• Supplied data:
§ §

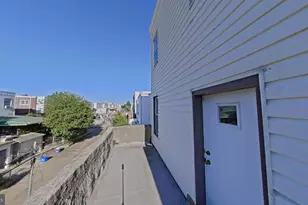 6237 Carpenter St, Philadelphia, PA 19143 - Photo 8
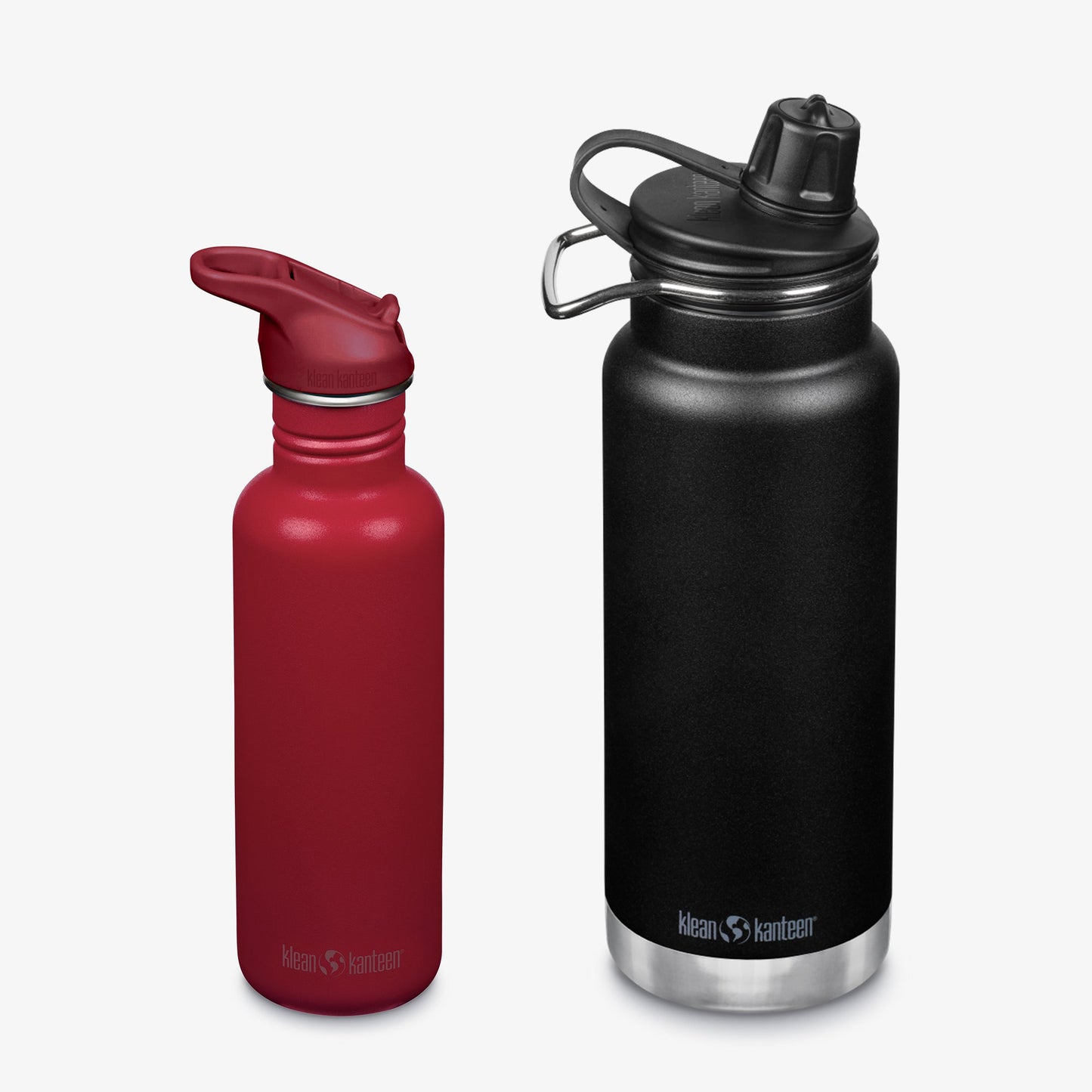 sports-bundle-chug-and-classic-f8 hydration-chug-and-classic-32oz-bk-t-27oz-gar.jpg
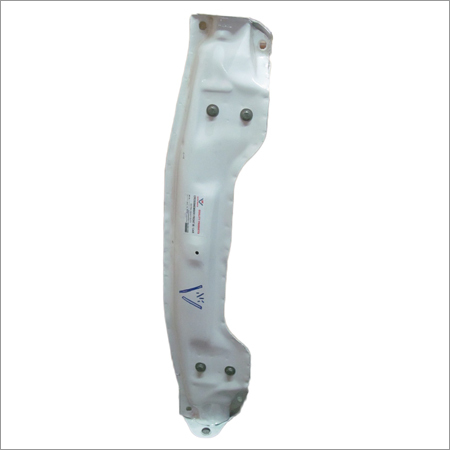 Auto Parts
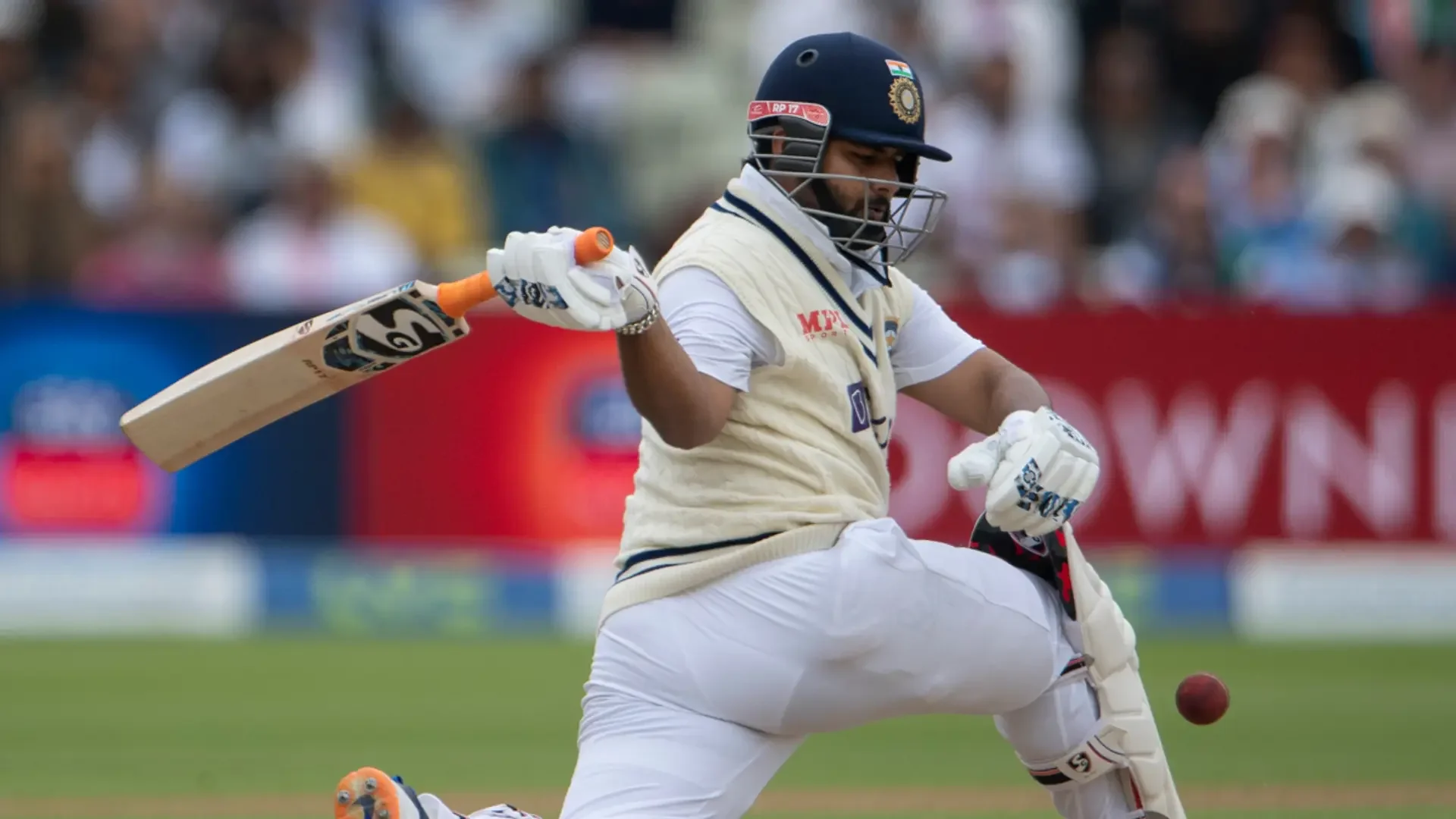 India's Pant enjoyed setting field against himself in Bangladesh win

§ §

• Task requirements:
Copy the listing above exactly, minus the pictures.

• Reply to the task:
 6237 Carpenter St, Philadelphia, PA 19143 - Photo 8
 sports-bundle-chug-and-classic-f8 hydration-chug-and-classic-32oz-bk-t-27oz-gar.jpg
 Auto Parts
 India's Pant enjoyed setting field against himself in Bangladesh win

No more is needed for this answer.